De los siete rascacielos de diseño estalinista, hoy algunos son el ministerio de Asuntos Exteriores, la Universidad Estatal moscovita, el Hotel Radisson Royal ( antes, Hotel Ucrania) y el Hotel Hilton Moscow Leningradskaya (antiguo Hotel Leningrad), que quien más, quien menos pondera como uno de los logros del estalinismo. En la Plaza Roja, donde Stalin y los demás líderes de la URSS, presidían los desfiles de tropas y tanques el 1 de mayo, están ahora las tumbas de esos próceres de la revolución. Sobre la tumba de Stalin -que estuvo momificado y expuesto hasta 1961, pero ahora yace bajo tierra en esa plaza, junto al mausoleo de Lenin-, yo vi un ramo de flores frescas la última vez que estuve en esa ciudad. De igual modo, este mausoleo del momificado Lenin sigue atrayendo desde 1924 tanto a los visitantes locales como a los extranjeros. No dejaron de sorprenderme las actitudes cuasi-religiosas de varias jóvenes rusas que se postraban con fervor y devoción ante aquella urna de estilo Blancanieves en medio de la penumbra, en la que un guardia armado prohíbe que se tomen fotos.
La abundancia de banderas con la hoz y el martillo y de toda aquella profusión de símbolos -que contrastaba con los paneles explicativos en diversos templos ruso ortodoxos donde recordaban lo mal que fueron tratados durante el régimen comunista-, me llevó a preguntarle, con todo el respeto, a un colega local por qué se seguía dando pábulo a un régimen cuyo dirigente había demostrado un “reinado” de terror, con crímenes contra la humanidad, limpiezas étnicas, matanzas, arrestos y ejecuciones caprichosas, tanto atropello de derechos básicos y tanto dolor infligido a la población… que no dejaban nada que envidiar al mismísimo Hitler. “¡Es que nosotros ganamos la guerra!”, fue la respuesta que obtuve.
Moscú es una gran ciudad. Llena de luces y sombras, como casi todas. Pero que mantiene el carácter de lo que fue y sigue siendo para los rusos. El comunismo salió por la puerta de atrás, pero se quedó su mentalidad. En una visita anterior, hace 25 años, tuve la oportunidad de visitar la Duma, el Parlamento, cuando hablaba Guennadi Ziugánov, líder de los comunistas rusos. La sala estaba a rebosar de partidarios.

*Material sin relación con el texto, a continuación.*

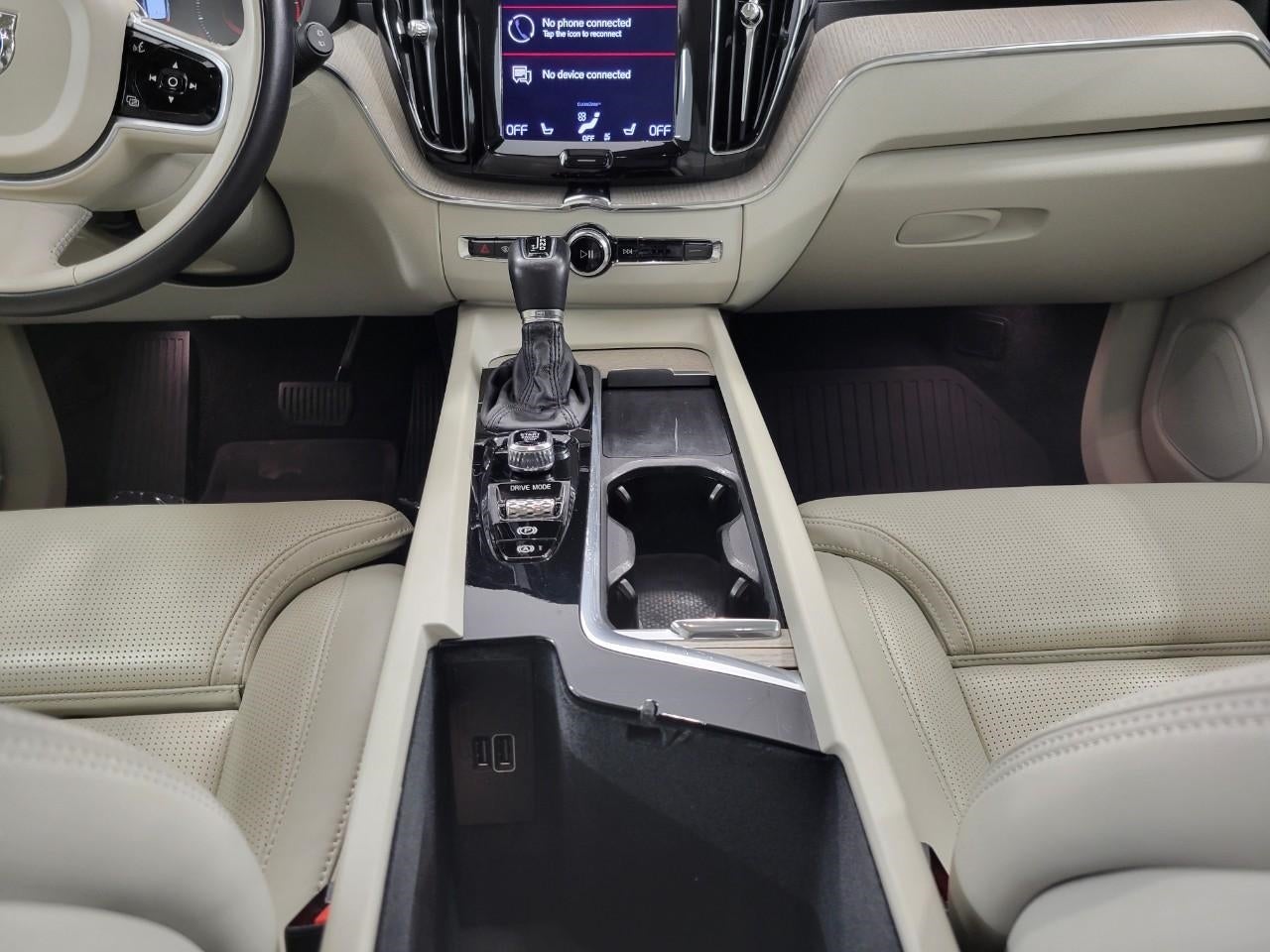 2021 Volvo XC60 T5 AWD INSCRIPTION ** CLIMATE PACKAGE ** ADVANCED PACKAGE ** PARK ASSIST PILOT **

Frente al derroche de lujo de una parte de la población, contrasta la sufrida actitud de los que apenas pueden salir adelante. Según datos de la Academia Presidencial Rusa de la Administración Nacional de Economía y Administración Pública, próxima al Krémlin, el 22 por 100 de los rusos vive en la "zona se pobreza" que les permite adquirir tan solo los productos básicos de subsistencia garantizados por el Estado. El 36 por 100 se hallaria en la “zona se riesgo del consumidor”. Sólo el 28 por 100 de los rusos estaria en la “zona de confort”. Putin lanzó en 2018 un plan para reducir al 50 por 100 el índice de pobreza con un horizonte situado en 2024. Las autoridades han cambiado hasta el concepto de “nivel de pobreza” por el de “nivel mínimo de subsistencia” en las encuestas, ya que les parece que suena menos dramático. Mientras tanto, Rusia se vacía: entre 2019 y 2020, la población se redujo en más de un millón de habitantes.

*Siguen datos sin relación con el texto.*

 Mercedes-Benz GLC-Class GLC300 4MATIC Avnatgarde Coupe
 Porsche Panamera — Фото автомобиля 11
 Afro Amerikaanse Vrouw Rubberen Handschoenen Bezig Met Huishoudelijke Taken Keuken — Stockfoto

La inmensa mayoría, esa que apenas puede acceder a lo mínimo para sobrevivir a base de pan y patatas, se sigue apretando el cinturón. ¿Volverán estos rusos la mirada atrás, añorando un tiempo quizás menos riguroso? Aún quedan carteles clavados con chinchetas en las decrépitas paredes de algunas viviendas del período soviético con proclamas estalinistas: “La victoria nos pertenece”.
El descontento a menudo es la herramienta que atiza el fuego. Dicen que si la historia se repite es, sencillamente, porque nosotros nos empeñamos en repetirla.